Salvador: sempre um Carnaval de emoções e de frustrações
No Carnaval de Salvador, a gente sempre tem uma certeza: cada vez que acompanhamos algum bloco ou trio, perdemos pelo menos outras três possibilidades melhores ainda.
É muita frustração, sim, compensada por momentos únicos, parcerias musicais inéditas, apresentações inusitadas, inesperadas. Este ano para mim começou na quinta-feira pré-Carnaval, embora em Salvador já fosse Carnaval, tendo como cenário a mítica praça Castro Alves, aquela que é do povo como o céu é do avião.
No final da tarde, com o sol começando a descer sobre a baía de Todos os Santos, vi com meus próprios olhos os trios de Ivete Sangalo, do Baiana System — a grande novidade dos últimos anos — e de Carlinhos Brown, os três trocando uma camaradagem, cada um cantando um sucesso e passando para o outro e foi assim com muita alegria e a presença do bloco afro Ilê Ayiê, que comemorava 50 anos, e de Armandinho, essa fera do trio elétrico.

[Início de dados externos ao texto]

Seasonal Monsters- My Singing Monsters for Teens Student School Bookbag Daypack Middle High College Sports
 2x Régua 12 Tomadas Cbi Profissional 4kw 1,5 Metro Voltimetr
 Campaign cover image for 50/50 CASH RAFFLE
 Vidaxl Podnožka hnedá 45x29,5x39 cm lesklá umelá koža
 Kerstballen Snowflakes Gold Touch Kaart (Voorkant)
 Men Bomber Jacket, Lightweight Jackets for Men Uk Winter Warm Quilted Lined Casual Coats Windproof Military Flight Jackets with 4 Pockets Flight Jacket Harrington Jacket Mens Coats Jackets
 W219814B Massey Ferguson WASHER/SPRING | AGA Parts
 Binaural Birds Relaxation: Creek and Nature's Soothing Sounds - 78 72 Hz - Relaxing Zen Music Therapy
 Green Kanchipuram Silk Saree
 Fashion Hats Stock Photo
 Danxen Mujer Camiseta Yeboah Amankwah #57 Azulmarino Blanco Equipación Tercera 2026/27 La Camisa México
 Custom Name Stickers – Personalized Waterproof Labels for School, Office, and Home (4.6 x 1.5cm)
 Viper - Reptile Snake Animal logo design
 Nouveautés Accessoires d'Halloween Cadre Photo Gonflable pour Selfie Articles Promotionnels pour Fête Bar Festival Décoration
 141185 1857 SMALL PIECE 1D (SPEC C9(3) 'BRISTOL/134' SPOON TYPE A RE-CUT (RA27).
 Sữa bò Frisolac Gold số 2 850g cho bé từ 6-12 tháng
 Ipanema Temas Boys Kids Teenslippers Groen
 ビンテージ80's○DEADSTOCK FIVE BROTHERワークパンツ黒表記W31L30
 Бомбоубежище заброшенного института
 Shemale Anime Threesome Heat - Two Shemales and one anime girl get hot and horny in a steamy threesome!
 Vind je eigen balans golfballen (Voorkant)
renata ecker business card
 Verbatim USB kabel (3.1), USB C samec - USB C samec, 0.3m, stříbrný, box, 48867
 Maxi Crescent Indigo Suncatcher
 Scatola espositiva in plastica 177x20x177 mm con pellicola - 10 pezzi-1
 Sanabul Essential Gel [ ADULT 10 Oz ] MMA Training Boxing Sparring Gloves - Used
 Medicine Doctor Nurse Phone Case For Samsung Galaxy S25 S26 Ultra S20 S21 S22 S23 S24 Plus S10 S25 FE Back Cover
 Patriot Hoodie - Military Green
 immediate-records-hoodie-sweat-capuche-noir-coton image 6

Confesso que quando Anitta apareceu no trio de Ivete Sangalo, a convite da própria anfitriã, fiquei meio assim. Eu estava naquele mood Bahia total. A Bahia é dos baianos e isso é fato. Até gosto dos forasteiros que aqui e ali surgem nessa época do ano. Mas confesso que a Anitta, ali, não caiu tão bem.
Depois de ver esse espetáculo todo, cheguei à conclusão que o Carnaval para mim já estava no lucro. Ticado. Mal sabia eu que, em seu trio, Luiz Caldas, de quem eu sou fã, iria trazer Beto Guedes, mineiro do Clube da Esquina, de quem eu sou mega fã e não perco um show. Beto Guedes no Carnaval baiano e eu perdi? Isso serve para confirmar a máxima de que ao escolher a atração do dia, a gente perde tanta coisa boa que acontece ao mesmo tempo, em outro endereço, debaixo do mesmo céu.
Confesso que depois de tanto tempo já aprendi a lidar com essa frustração, mas, na verdade, não acho a menor graça. Já perdi muita coisa em não sei quantos anos de Carnaval em Salvador, talvez 15 anos ou 20, nem lembro. Mas lembro, sim, de momentos emocionantes, inesquecíveis, únicos.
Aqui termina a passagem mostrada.